■ Brief
From the records below, print only the part that opens with the line containing "Spacer - Husqvarna Original - 527874601" and closes with the line containing "Новата перла на"; omit the pictures.

■ Input data
==========
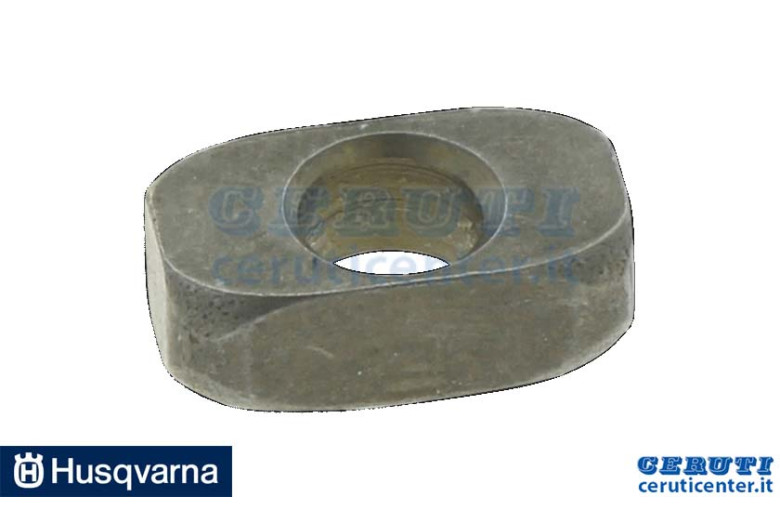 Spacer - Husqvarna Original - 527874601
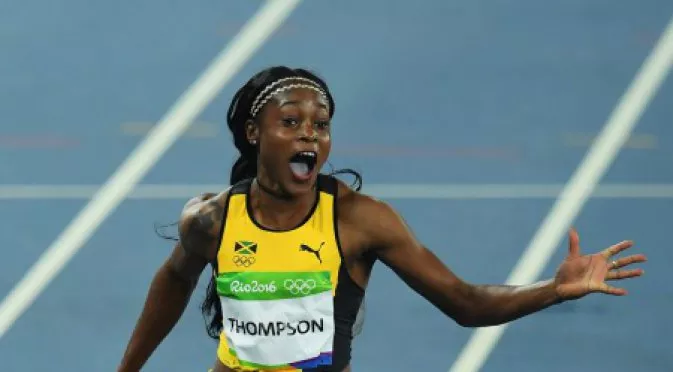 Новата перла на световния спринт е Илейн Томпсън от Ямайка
==========
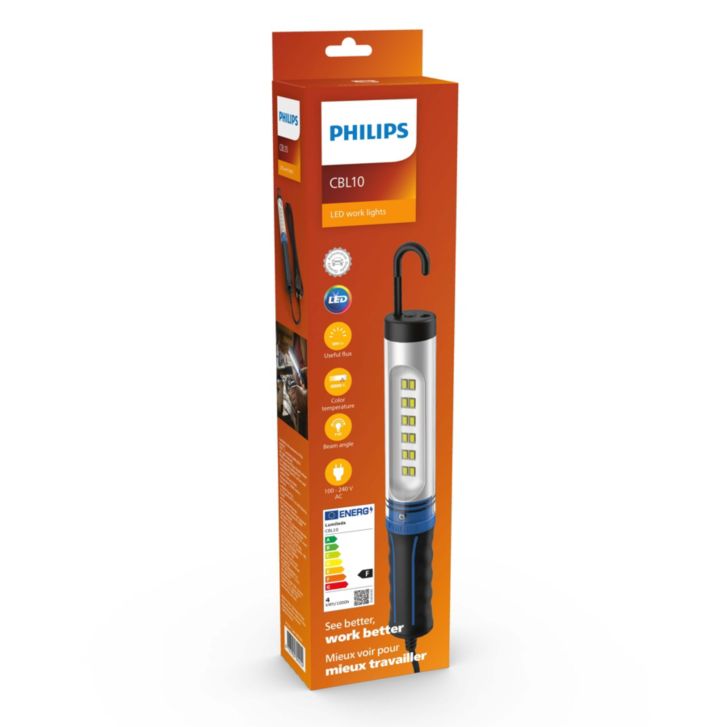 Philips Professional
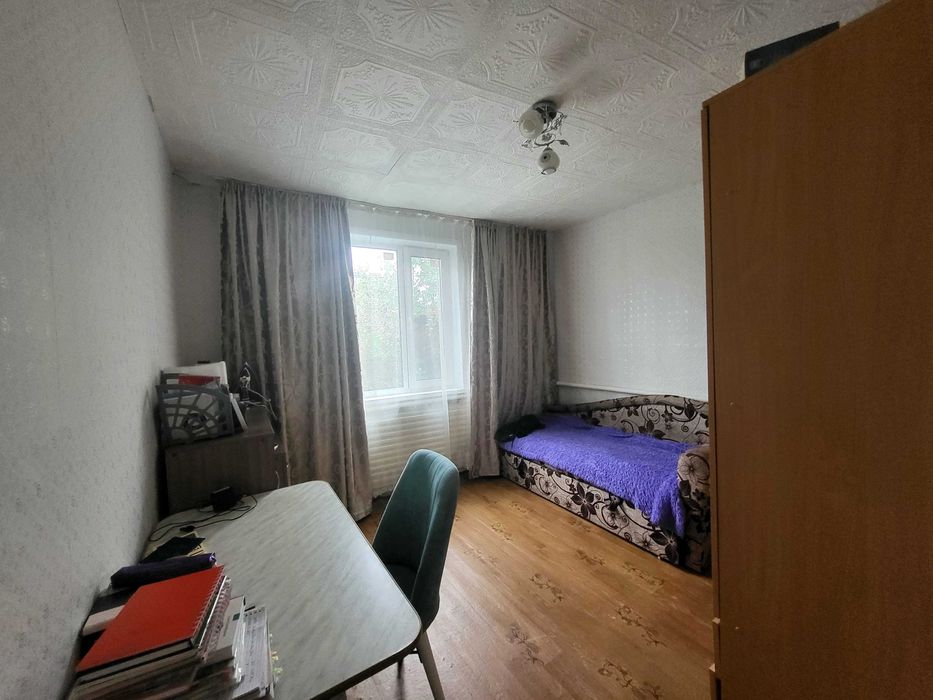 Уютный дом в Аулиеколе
==========
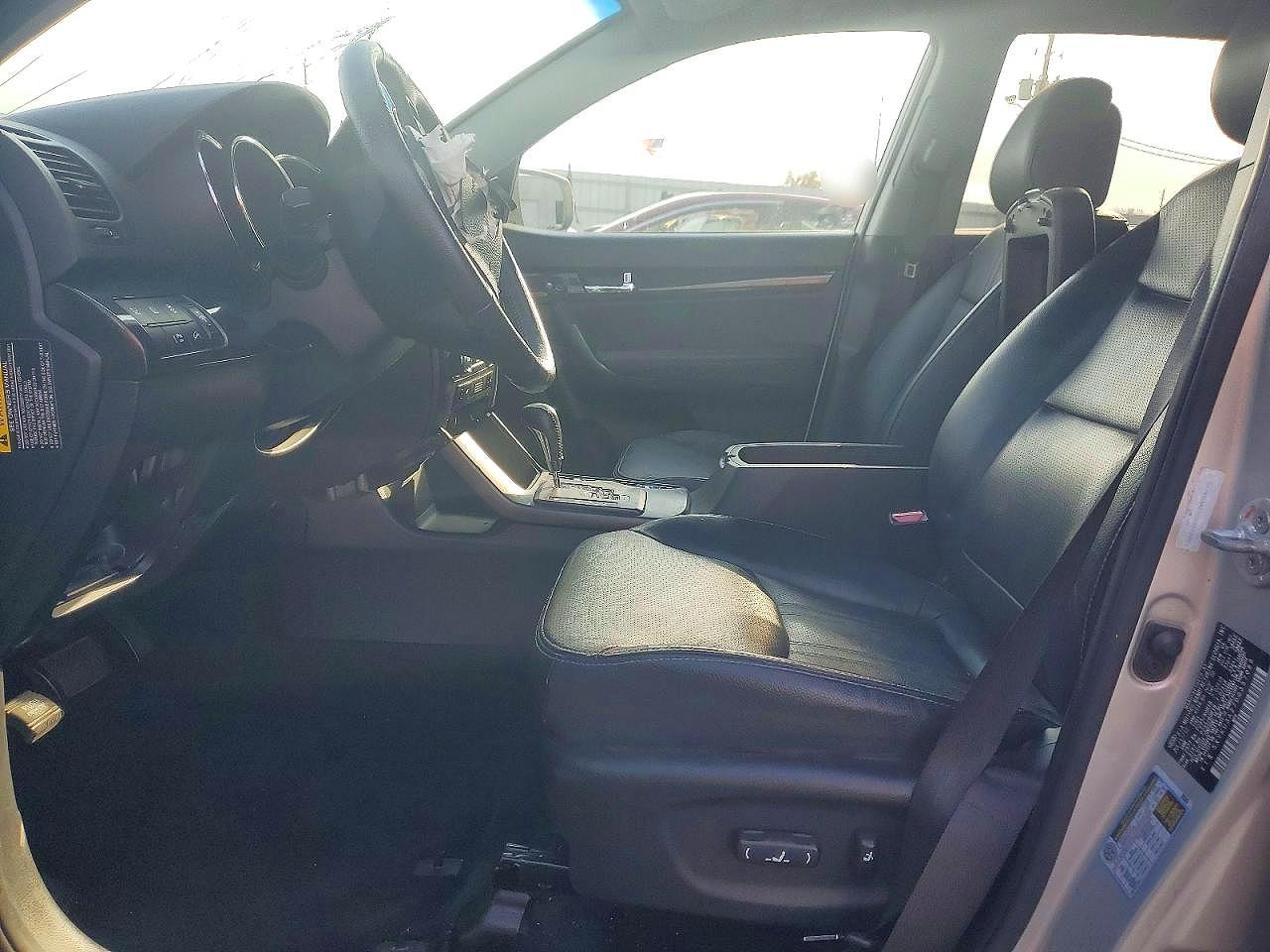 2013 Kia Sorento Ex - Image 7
==========
■ Answer to this exercise
 Spacer - Husqvarna Original - 527874601
 Новата перла на световния спринт е Илейн Томпсън от Ямайка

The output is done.